That said, earlier this year I finished my MS thesis that involved bioinformatics analytics pipelines with whole genome sequencing data - that project took over 100,000 hours of compute time to develop according to our clusters job manager. When your on a deadline, resources can be a real constraint and speed can be critical.

So, to answer your questions as I understand them:

Would I have been better off to use the money to buy time in the cloud?

Probably. The few hundred dollars you spent on the 1060 would take you far training your model(s) in the cloud. Further, as far as I can tell, you don’t require the GPU to be cranking 100% of the time (you would if you were, say, mining crypto currencies). Finally, with cloud instances you could scale, training multiple models at once, which can speed up the exploration and validation of any architecture you settle on.

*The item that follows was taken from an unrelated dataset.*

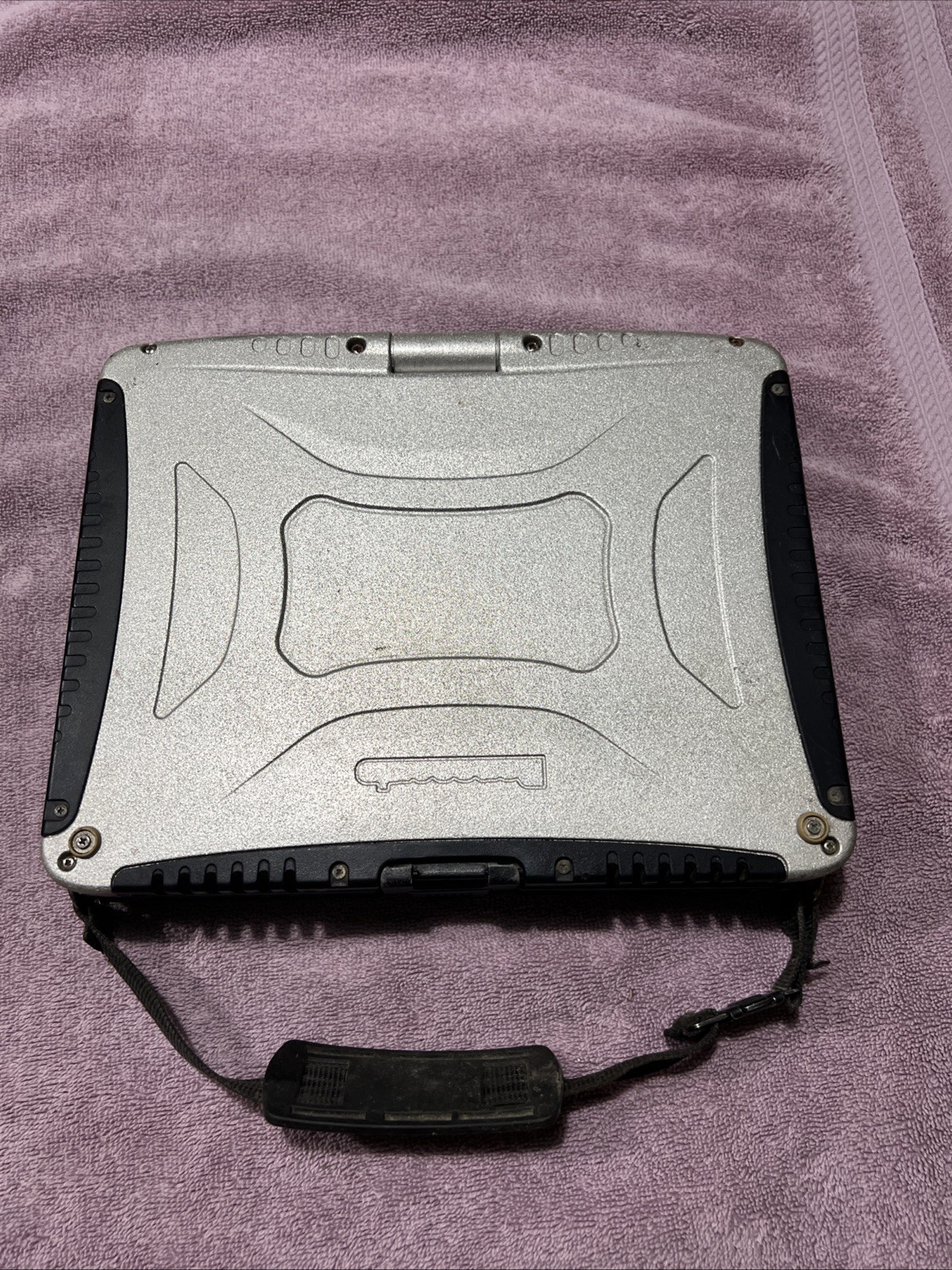 Panasonic Toughbook CF-19 Laptop Intel Core i5 Windows 10 Pro 4GB Ram 150GB HD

Is there a way to gauge the compute time of a neural network on a given GPU

Well, Big O is one estimator, but it sounds like you want a more precise method. I’m sure they exist, but I’d counter that you can make your estimation with simple back of the envelope calculations that account for threads, memory, code iterations, etc. Do you really want to dig into the GPU processing pipeline on the 1060? You may be able to come up with a very good estimate by understanding everything happening between your code and the metal, but ultimately it’s probably not worth the time and effort; it will likely confirm that Big O notation (the simple model, if you will) captures most of the variation in compute time. One thing you can do if you notice bottlenecks is performance profiling.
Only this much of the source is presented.